The case was one of the first in which a judge in the United States had ruled that a restraining order had been violated by contact made through MySpace.

3 min read
In one of the first rulings of its kind, a Staten Island judge has said that a teenage girl could be charged with violating a restraining order by using MySpace.com to reach out to people she was told not to contact.

The girl, Melisa Fernino, 16, of West Brighton, Staten Island, was charged with three counts of criminal contempt in September after she was accused of sending a MySpace "friend request" to Sandra Delgrosso and her two daughters on August 23. The order was put in place after Fernino made several violent threats against Delgrosso, who had dated her father, and against her two daughters, said a Staten Island official who insisted on anonymity because the case originated in Family Court, where proceedings are private.

On Wednesday, Judge Matthew A. Sciarrino Jr. of Staten Island Criminal Court turned down Fernino's request to dismiss the contempt charges, ruling that MySpace was a form of contact just like speaking in person or by telephone and that the order of restraint had barred any sort of contact with the Delgrossos. The judge's decision was reported on Thursday in The Staten Island Advance.

"The defendant should not be exculpated because she, instead of contacting her victims directly, used MySpace," Judge Sciarrino wrote.

According to the Staten Island district attorney's office and other prosecutors who specialize in cyber crimes, it was one of the first cases in which a judge in the United States had ruled that a restraining order had been violated by contact made through MySpace, a social networking Web site. According to the News Corp., which bought the site in 2005, MySpace has more than 70 million members, who can initiate contact with one another by sending "friend requests." The Delgrossos had MySpace accounts.

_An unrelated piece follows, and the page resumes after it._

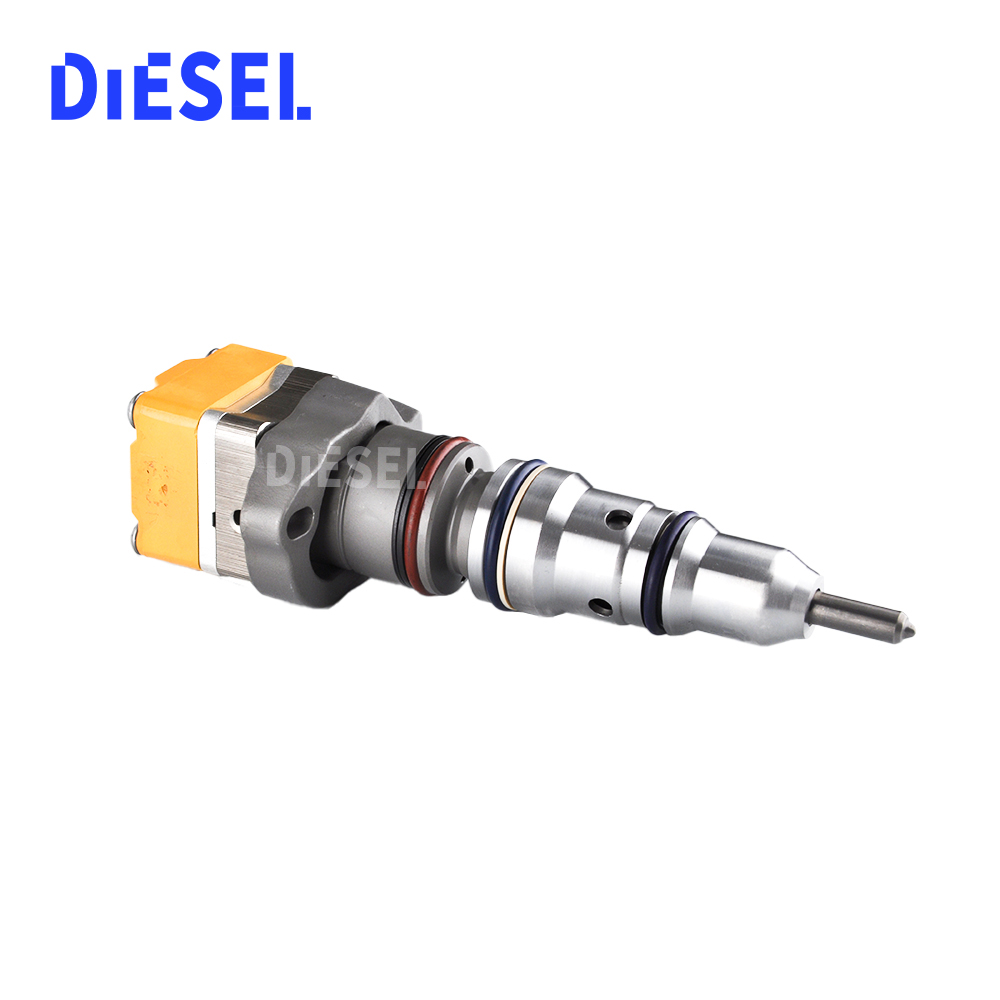  » Product categories » 3126 Series Diesel Injections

Joseph DeMarco, an adjunct professor at Columbia Law School and the former chief of the computer crimes unit at the United States attorney's office in Manhattan, said that as technology advances, judges will have to determine whether various forms of online contact violate restraining orders.

DeMarco said that a spectrum could emerge with, say, direct e-mail messages from one person to another being prohibited, but a post to a bulletin board or blog that both people frequent causing less concern.

He added that a MySpace "friend request" seemed to him more like direct contact by e-mail.

"This does not seem to me to be pushing the court's jurisdiction or twisting settled points of law out of shape," he said.

Fernino faces up to a year in prison if convicted on the contempt charges. Her lawyer did not return calls on Thursday seeking comment.

Judge Sciarrino's order, which managed to quote both Wikipedia and "Hamlet," meanwhile served as something of a primer for the technologically challenged.

"Those friends thou hast and their adoption tried, Grapple them unto thy soul with hoops of steel," the judge wrote, adding: "But not when an order of protection prohibits someone from communicating with another."

"While it is true," he also wrote, "that the person who receives the 'friend request' could simply deny the request to become 'friends,' that request was still a contact and 'no contact' was allowed by the order of the protection."